Exercise prompt:
Repeat the lines of the data that follow, please, starting at the first and stopping after the one with "Thml - Sleeveless Flower Embroidered Top".

──────────────────────────────

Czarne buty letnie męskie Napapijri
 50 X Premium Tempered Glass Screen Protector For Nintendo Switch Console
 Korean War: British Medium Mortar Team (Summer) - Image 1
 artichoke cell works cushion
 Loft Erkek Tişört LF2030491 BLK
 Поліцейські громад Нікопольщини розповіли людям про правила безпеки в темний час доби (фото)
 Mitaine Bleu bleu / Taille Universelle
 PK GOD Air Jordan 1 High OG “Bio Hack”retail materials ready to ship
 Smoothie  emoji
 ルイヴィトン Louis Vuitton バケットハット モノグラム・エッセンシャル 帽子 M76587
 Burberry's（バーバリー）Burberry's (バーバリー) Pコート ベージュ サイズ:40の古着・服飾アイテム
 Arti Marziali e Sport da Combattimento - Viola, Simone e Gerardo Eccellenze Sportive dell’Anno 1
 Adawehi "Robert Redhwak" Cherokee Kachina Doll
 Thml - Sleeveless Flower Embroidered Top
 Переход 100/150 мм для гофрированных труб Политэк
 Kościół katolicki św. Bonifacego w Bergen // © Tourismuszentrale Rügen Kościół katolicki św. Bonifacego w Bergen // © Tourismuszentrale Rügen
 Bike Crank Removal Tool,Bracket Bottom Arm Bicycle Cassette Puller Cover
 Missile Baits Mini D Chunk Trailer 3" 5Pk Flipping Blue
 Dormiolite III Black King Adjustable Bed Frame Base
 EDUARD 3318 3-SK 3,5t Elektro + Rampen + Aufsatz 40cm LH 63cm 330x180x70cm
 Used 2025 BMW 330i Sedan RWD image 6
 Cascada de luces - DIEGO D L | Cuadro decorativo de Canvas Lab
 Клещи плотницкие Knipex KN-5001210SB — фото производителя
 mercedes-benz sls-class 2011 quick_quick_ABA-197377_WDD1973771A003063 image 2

──────────────────────────────

Your solution:
Czarne buty letnie męskie Napapijri
 50 X Premium Tempered Glass Screen Protector For Nintendo Switch Console
 Korean War: British Medium Mortar Team (Summer) - Image 1
 artichoke cell works cushion
 Loft Erkek Tişört LF2030491 BLK
 Поліцейські громад Нікопольщини розповіли людям про правила безпеки в темний час доби (фото)
 Mitaine Bleu bleu / Taille Universelle
 PK GOD Air Jordan 1 High OG “Bio Hack”retail materials ready to ship
 Smoothie  emoji
 ルイヴィトン Louis Vuitton バケットハット モノグラム・エッセンシャル 帽子 M76587
 Burberry's（バーバリー）Burberry's (バーバリー) Pコート ベージュ サイズ:40の古着・服飾アイテム
 Arti Marziali e Sport da Combattimento - Viola, Simone e Gerardo Eccellenze Sportive dell’Anno 1
 Adawehi "Robert Redhwak" Cherokee Kachina Doll
 Thml - Sleeveless Flower Embroidered Top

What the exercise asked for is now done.